On the other hand, it’s really sad that they had to delete so much of their archive - over half a million books, and a bunch of recordings from their Great 78 Project (which was archiving 300k+ music albums released between ~1900 and 1950). A lot of the things that can’t be archived are eventually going to become lost media.
I really hope that they didn’t actually delete anything, and only just removed public access.
And open themselves up to massive penalties? That would be beyond stupid.
the judgement did not require they delete the books from their archives, only that they stop lending out digital copies of books fitting specific criteria. which should be obvious because possession not copyright infringement, reproduction/distribution is.
in fact, the judgement specfically allows Internet Archive to continue to use those books “for the purpose of accessibility for ‘eligible persons’”
I wouldn’t think a library/archive retaining data in an offline form would incur penalties, and I feel like preserving books for the future is the opposite of stupid.
I’m 95% sure the settlement with the publishers would have included a clause requiring the Internet Archive to delete all “infringing” material in their possession.
what’s your methodology for that 95% figure? because Internet Archive themselves mention no such clause:
The lawsuit only concerns our book lending program. The injunction clarifies that the Publisher Plaintiffs will notify us of their commercially available books, and the Internet Archive will expeditiously remove them from lending.

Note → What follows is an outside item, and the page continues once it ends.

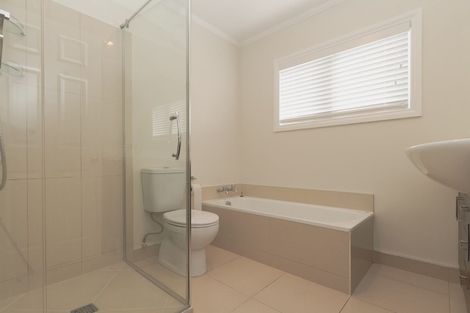 Photo of property in 13a Huapai Street, Onehunga, Auckland, 1061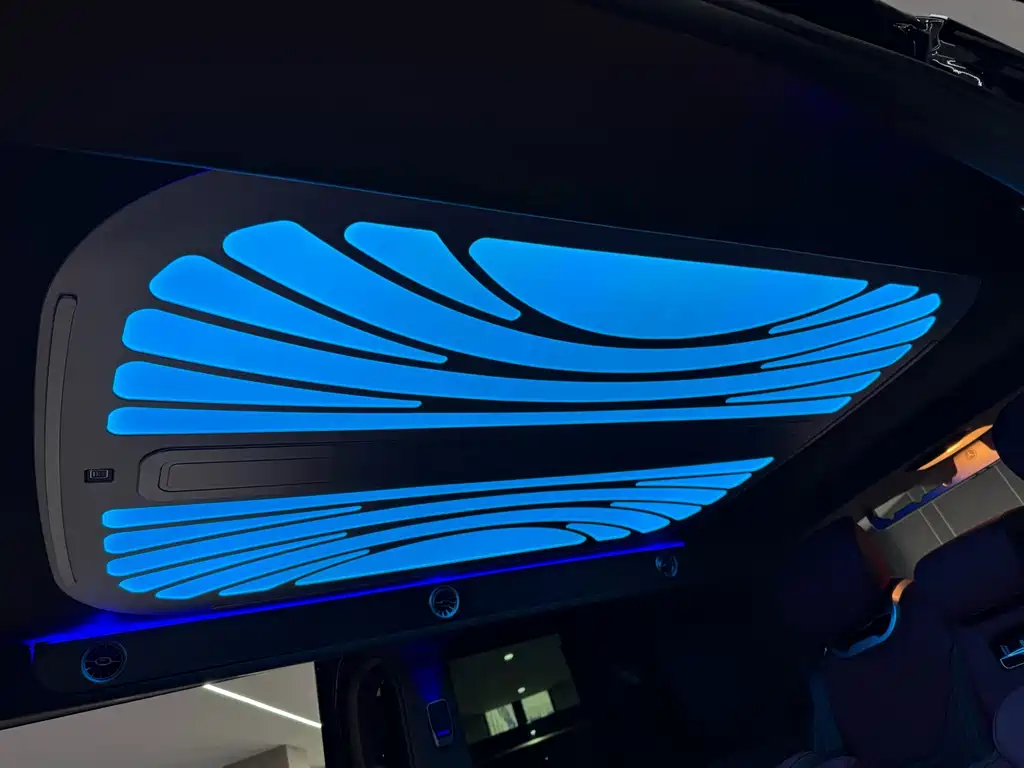 MERCEDES-BENZ V CLASS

Additionally, Judge Koeltl also signed an orderin favor of the Internet Archive, agreeing with our request that the injunction should only cover books available in electronic format, and not the publishers’ full catalog of books in print
Because this case was limited to our book lending program, the injunction does not significantly impact our other library services. The Internet Archive may still digitize books for preservation purposes, and may still provide access to our digital collections in a number of ways, including through interlibrary loan and by making accessible formats available to people with qualified print disabilities. We may continue to display “short portions” of books as is consistent with fair use—for example, Wikipedia references (as shown in the image above). The injunction does not affect lending of out-of-print books. And of course, the Internet Archive will still make millions of public domain texts available to the public without restriction.
Preserving is important, sure. But if the settlement required them to delete it and they keep an offline backup and this ever gets out, the settlement is voided and it opens up a world of hurt for them.
This is not a debate about the merits of preservation but about legal repercussions for the Internet Archive.
I didn’t know if it did or didn’t. But since you say that’s the case, that sucks and I hate the publishers even more.